▶ [Assignment] Look below for the line with "Hirsch Forest Black" and the line with "Mexx zijde stropdas. Blauw/grijs gestreept."; repeat exactly those two lines and all lines between them, but no pictures.

▶ [Data extract]

- Opening Delimiter -

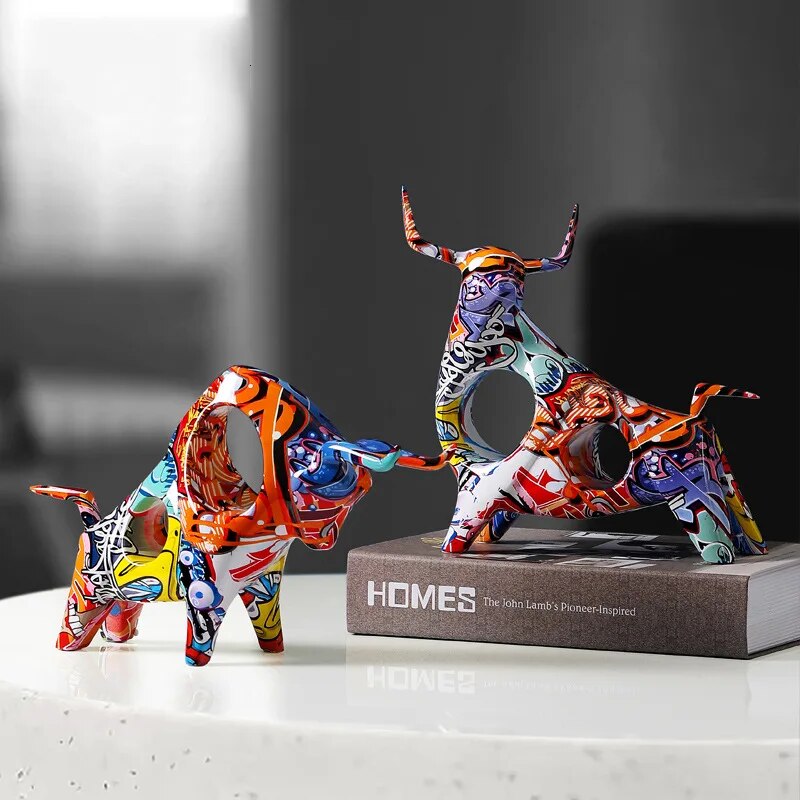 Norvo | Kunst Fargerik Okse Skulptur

- Closing Delimiter -
- Opening Delimiter -

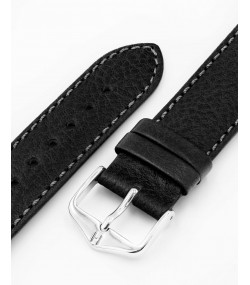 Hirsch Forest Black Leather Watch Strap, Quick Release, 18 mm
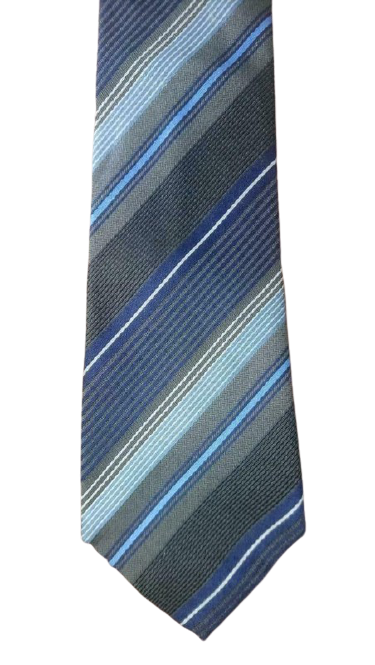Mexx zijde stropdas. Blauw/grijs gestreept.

- Closing Delimiter -
- Opening Delimiter -

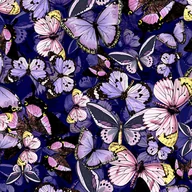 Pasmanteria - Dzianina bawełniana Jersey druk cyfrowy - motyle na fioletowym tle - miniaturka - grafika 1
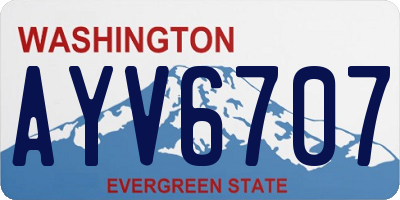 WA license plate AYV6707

- Closing Delimiter -

▶ [Your response]
 Hirsch Forest Black Leather Watch Strap, Quick Release, 18 mm
Mexx zijde stropdas. Blauw/grijs gestreept.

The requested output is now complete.